Remembering the language of car sales

I used to sell cars.  I’ve written of it a time or two, though not in a long while.  There were about 20 months between when my life as a college student ended and my life as a technical writer began, and for some of those months I sold Acuras.

I graduated from college in the spring of 1992, which made me one of the last to earn a degree with, essentially, no World Wide Web.  It was just barely there, and there was almost nothing on it.  Huge swaths of a college student’s life today bear no resemblance at all to the experience I had.

I bring that up because the timing of the rise of the Web had a lot to do with the way I was trained to sell cars, as well.  Buying and selling cars now is worlds apart from the way it was, even those 16 or 17 short years ago.  All of the information is available everywhere.  Margins have shrunk.  There are basically no bad new cars for sale.  There is still salesmanship, good and bad, to navigate, but the buyer has benefited from an information-generated power shift that is likely permanent.

But way back in the summer of 1993, when I sat for my sales training, I got it old-school and in-your-face from a grizzled veteran.  To be sure, I got a lot of valuable human relations training as well, but the way I was taught to sell cars was with time-honored, “classic” techniques—the “let me check with my boss” routine and what-not.  (I really did have to check with my boss, by the way.  In some ways, I was as much a pawn as you were.)

Mind, I have little doubt cars are still sold that way every hour of every day.  You have to be the car dick and fight with some people.  There’s a certain kind of 50-60ish jackass redneck who requires you to argue and raise hell, and if you don’t, he’ll go buy from someone who will.  I’m just saying it’s not the only way (or even the dominant way) it’s done anymore.

I got to chuckling today thinking about the euphemisms we used to employ.  We had a list of taboo words, and the words we were supposed to say instead.

  • We didn’t talk about a car’s price; we talked about its market value.
  • I would never ask you “what kind of payments can you afford?”  Rather, I would say “what type of monthly budget were you considering?”  (The right answer there, of course, is “I’m not thinking of payments; we’ll negotiate the bottom line.”)  If, instead, you named a number (as probably two-thirds of you did), then my immediate response would be “Up to what?”
  • We never “allowed” you a dollar amount on your trade-in.  Rather, “this is what we’re paying you for your car.”
  • I always talked to my boss, not my manager.  If I tell you I’m talking to my manager, you might think “well, I wonder who his manager is?”  Boss has a lot more finality to it.
  • The stereotype is “what do I have to do to get you in this car today?”  The reality was “you will own this car now when the figures are agreeable.  Is that correct, Mr.
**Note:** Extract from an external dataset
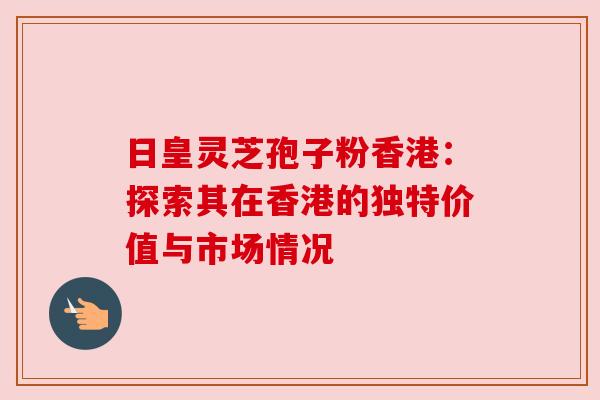 日皇灵芝孢子粉香港：探索其在香港的独特价值与市场情况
Prospect?”
  • It crawled into the official paperwork lingo, too.  What is a “capital cost reduction” on a lease agreement?  How about a “down payment”?

(And so forth.)

Once I was sharing some of this on a visit to my mother’s, and her husband cockily announced “you know, none of that stuff ever works on me.”  Well, of course not, man.  When I’m sitting here and laying it out point by point for you, it’s easy to say you wouldn’t be influenced by it.  It’s like the magician beginning the conversation by showing you the false floor in the cabinet, dig?

I’ll stop here for now, but I’ll have a post or two more on this soon.  Even though a lot of what I was taught seems a little antiquated and corny now, I also learned a lot of great things about understanding motivations, behavioral triggers, and so forth (that dovetailed nicely with my academic training, actually) that have remained valuable to me.

I have no desire to go back and do it again—it’s a stressful and brutally long-houred job, even when it’s going well—but I’m certain I’d be much better at it today than I was as a green-gilled 22-year-old.  (And I didn’t suck then, baby.  Heh.)